In one particular instance, after visiting with his friend Freddie, a “no-no boy” like himself, Ichiro embarks upon one of these long-winded inner dialogues. After wondering for ten lines how his decision not to serve in the United States military will affect his life, he comes to the conclusion that eventually people will forget that he is a “no-no boy”. “And time would destroy the old Japanese who, living in America and being denied a place as citizens, nevertheless had become inextricably a part of the country which by its vastness and goodness and fairness and plentitude drew them into its fold, or else they would not have understood why it was that their sons, who looked as Japanese as they themselves, were not Japanese at all but Americans of the country America” (Okada 48). Ichiro goes on to decide, in another ten-line mess, that someday there will indeed be a place for him in the United States, only to decide in the next paragraph that the whole matter is hopeless.

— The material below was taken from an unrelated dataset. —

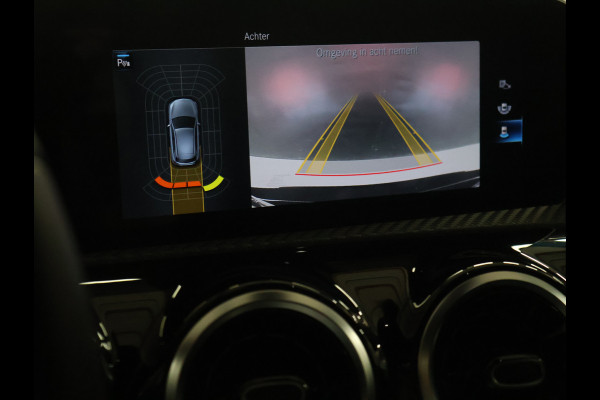 Mercedes-Benz A-Klasse 160 Sport [APPLE CARPLAY, AMG, ANDROID, STOELVERWARMING, CRUISE CONTROL, CAMERA, PDC V+A, DIGITAL DASH, STUURWIEL MULTIFUNTIONEEL, CLIMATE CONTROL, START STOP, STUUR LEDER, NIEUWSTAAT]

The entire debate flowing through Ichiro’s head lasts almost a full page and the paragraph does not break. It is full of run on sentences, and feels incredibly chaotic. This chaos, however, gives the reader the ability to feel Ichiro’s inner turmoil.The number of adjectives he gives to America, the number of times he chooses to say the words America and Japanese, and the lack of breaks within the dialogue, show how fast Ichiro’s brain is working to understand what is happening to him. At the same time, they express his deep-rooted anxiety in his identity or lack thereof.
Access to Ichiro’s thoughts does not just tell the reader what is going on, it also allows them to empathize and gives them a lens through which they can see the narrative of the “no-no boy”. B2.
Okada, John. No-No Boy. University of Washington Press, 2014.